Lasciata Bologna per trasferirsi a Roma, Lucio continuò a formarsi come jazzista di straordinario talento. Divenuto leader del gruppo Flippers, nella capitale cominciò a farsi notare con i suoi gorgheggi.

Fu Gino Paoli a convincere il giovane Dalla ad abbandonare il gruppo per seguitare la strada del successo da solista. Il primo disco a 45 giri lo incise nel 1964, a 21 anni. Nel 1966 uscì il primo album e giunse l’approdo al Festival di Sanremo con la sua prima hit, Paff…Bum!, dove tornò anche l’anno successivo con Bisogna saper perdere, insieme ai Rokes di Shel Shapiro.

Sarebbe tornato sul palco dell’Ariston soltanto nel 1971, con un brano che fece scalpore e segnò un’epoca: 4 marzo 1943. Fece discutere la censura esercitata sul testo della canzone ed anche sul suo titolo originale, Gesù bambino, fu ritenuto sconveniente.

L’anno dopo tornò ancora a Sanremo, con l’evergreen: Piazza Grande.

Lo straordinario successo di Lucio Dalla, anche grazie al connubio artistico con il poeta bolognese Roberto Roversi, e con musicisti come Ron,  si tradusse in una continua ricerca di rinnovamento, che generò per lui una nuova vita artistica.
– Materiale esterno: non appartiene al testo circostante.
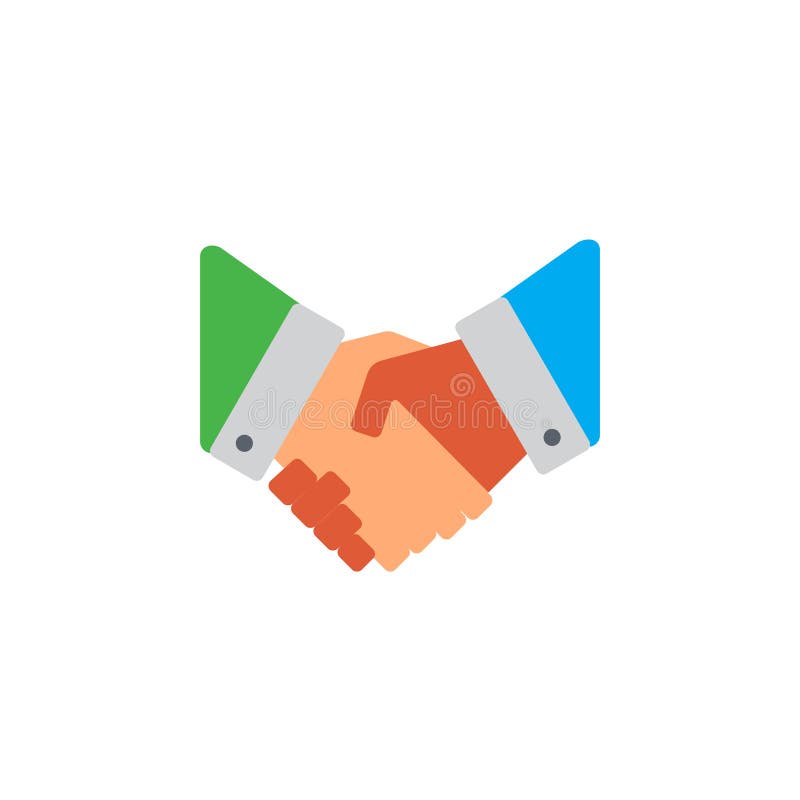 Vector icon or illustration with hand shake in material design style vector illustration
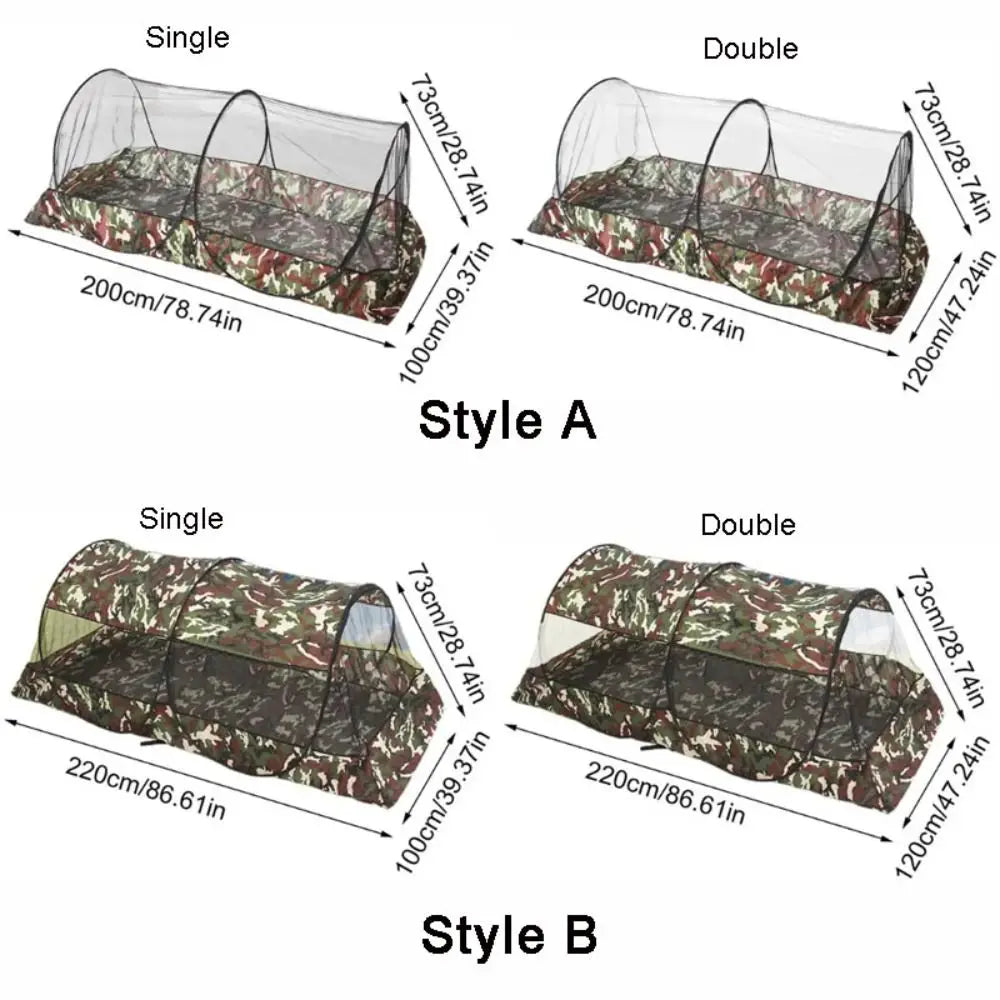 Folding Camo Camping Mosquito Net Tent with Bottom Mesh Tent Outdoor Mosquito Net Zipper Single Portable Mosquito Net Trips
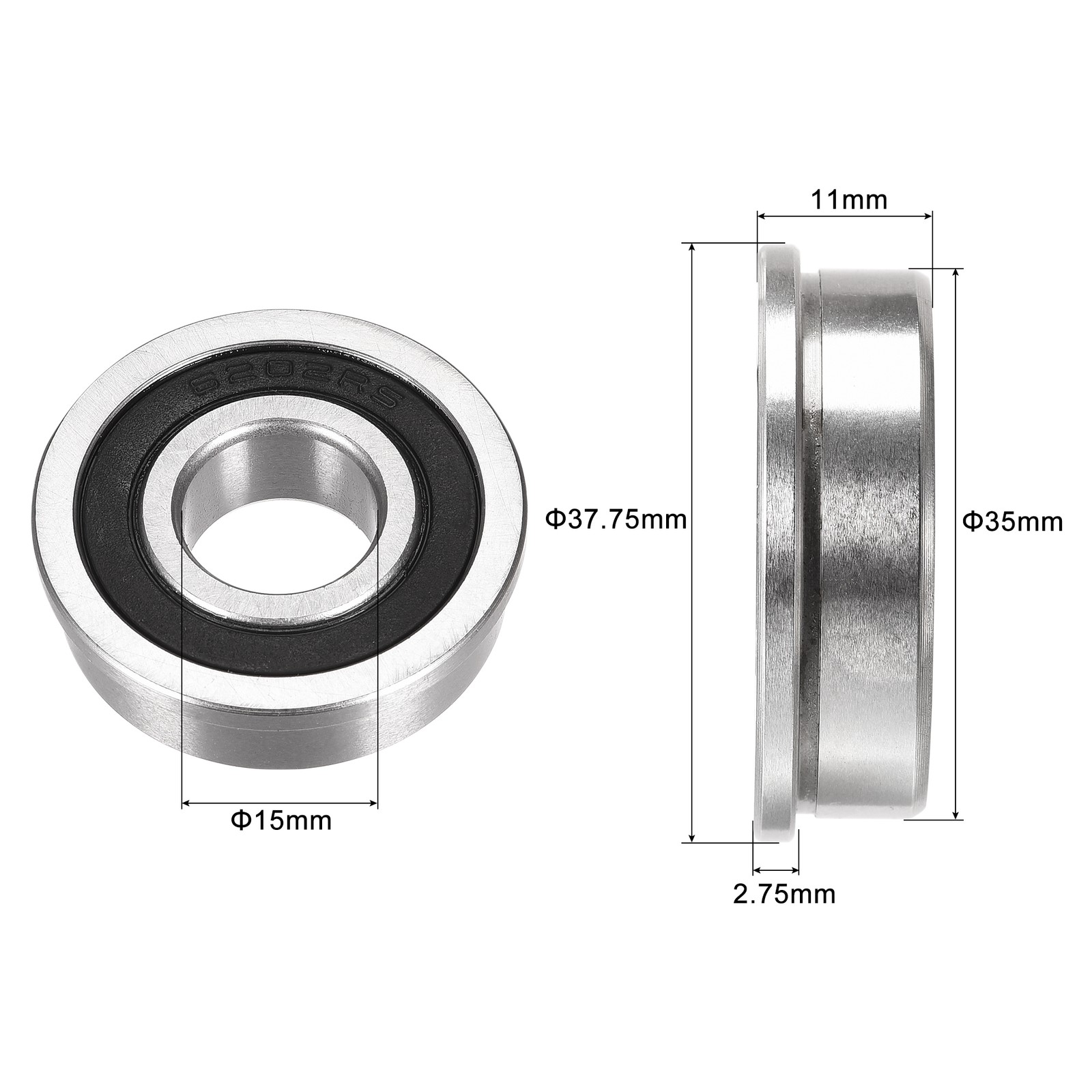 4PCS F6202-2RS Double Shielded Ball Bearing 15x35x11mm Bearings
Gli anni Ottanta del Novecento furono un decennio straordinario per Lucio, che tenne anche una serie di concerti negli Stati Uniti, culminata in un evento speciale al Village Gate di New York, il 23 marzo 1986. Da tale concerto venne estratto il doppio album live DallAmeriCaruso, che lanciò il brano inedito Caruso, dedicato al grande tenore Enrico Caruso, un pezzo che rese universale  il successo di Dalla.

Da allora la carriera del musicista bolognese non ha fatto che passare da un trionfo dopo l’altro, negli anni Novanta maturò la sua definitiva conversione al pop d’autore, Attenti al lupo fu il brano di maggior successo di quella stagione.

Nel 1999 ricevette la laurea honoris causa in Lettere e filosofia dall’Università di Bologna.

La sua irrefrenabile voglia di sperimentare strade nuove lo portò, negli anni Duemila, ad avvicinarsi al mondo della lirica e della musica classica.

La morte, prematura, lo colse all’improvviso il 1° marzo 2012. Rimase fulminato da un infarto mentre si trovava in un albergo a Montreux, in Svizzera, mancavano tre giorni al suo 69esimo compleanno.

Credente e cattolico, uomo di sinistra, Dalla era gay ma non fece mai coming out, solo rari e discreti accenni alla sua sessualità.

L’impresa eccezionale, dammi retta, è essere normale” diceva il suo “Disperato erotico stomp”. Ma Lucio non riuscì mai in quest’impresa, perché la sua musica, la sua arte, la sua vita furono, e resteranno per sempre, straordinarie.